In the context of the control of mycotoxins, corn germplasm, specifically referred to the Bt transgenics, can not be ignored, since it is assumed that they will determine to a great extent the degree of injury to fungi and their mycotoxins. I have shown that Bt maize is vulnerable to the attack of Diabrotica virgifera virgifera (maize rootworm), which was considered "unlikely". This attack, for its notoriety, is important in the United States, and also in other countries of our hemisphere.

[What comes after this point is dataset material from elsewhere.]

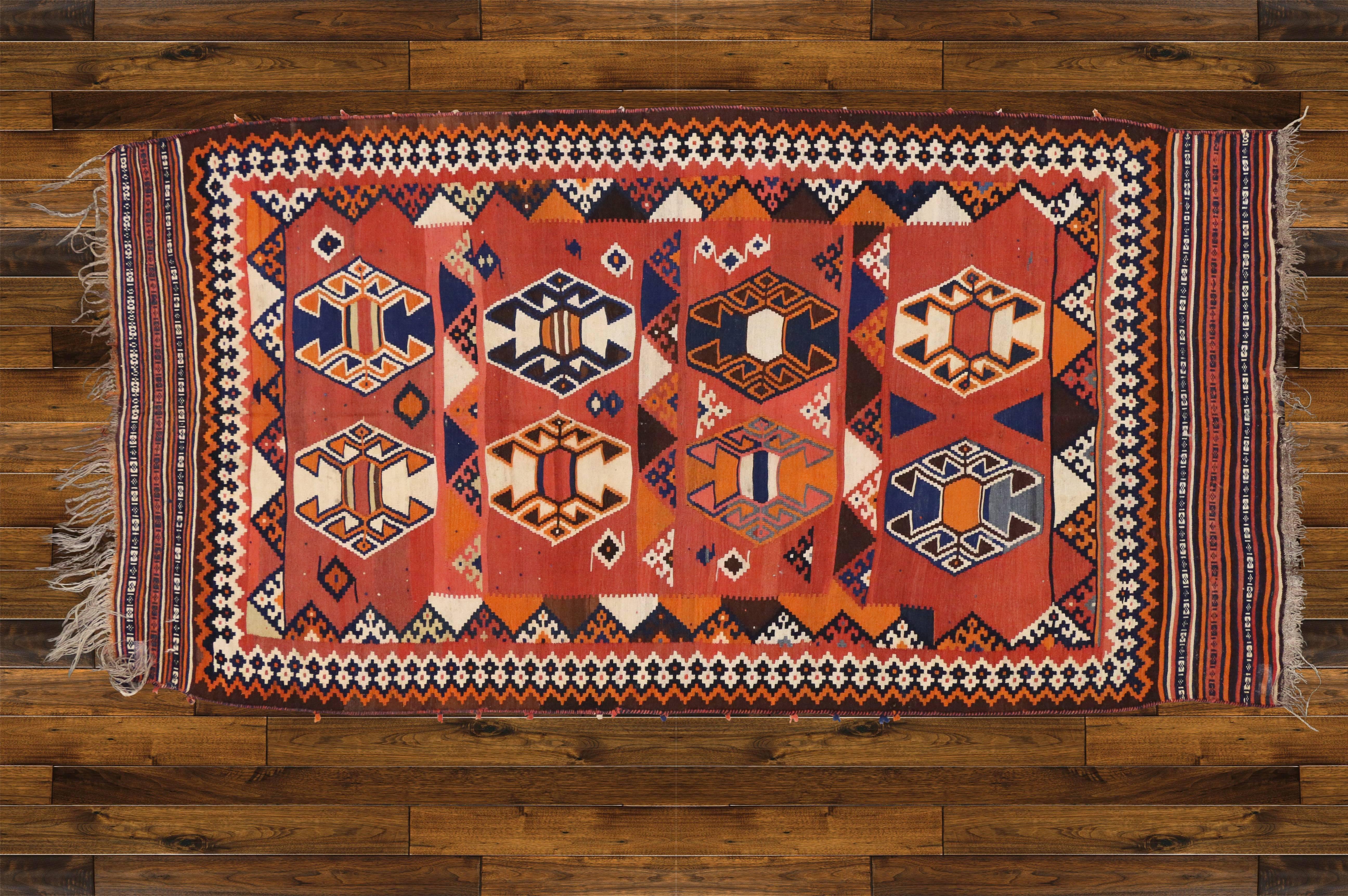 70606, vintage Persian Shiraz Kilim rug with tribal style. This vintage Persian Shiraz Kilim rug features four rows each filled with two large scale ram's horn motif in vibrant colors. The ram's horn symbolizes power, masculinity, fertility and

We are currently aware of a new case of resistance in South Africa, Busseola fusca (maize moth), one of the most aggressive pests affecting maize in that nation, as it has apparently developed a rare defense mechanism against the action of Bt toxin. Today the resistance of insects to transgenic maize is inherited as a dominant and non-recessive trait, thus manifesting the insect, a new mechanism of evolutionary defense, for the adaptation to its habitat. I remark the aforementioned, because it is unquestionable that the vulnerability of Bt maize, in the face of these pests, makes it easier for an aggressive attack of mycotic agents, especially those that produce aflatoxins, on which curiously no research papers with scientific rigor have been reported, regarding Bt maize. Which is controversial and lends itself to suspicious interpretations.
Good afternoon and you are all invited to visit Peru.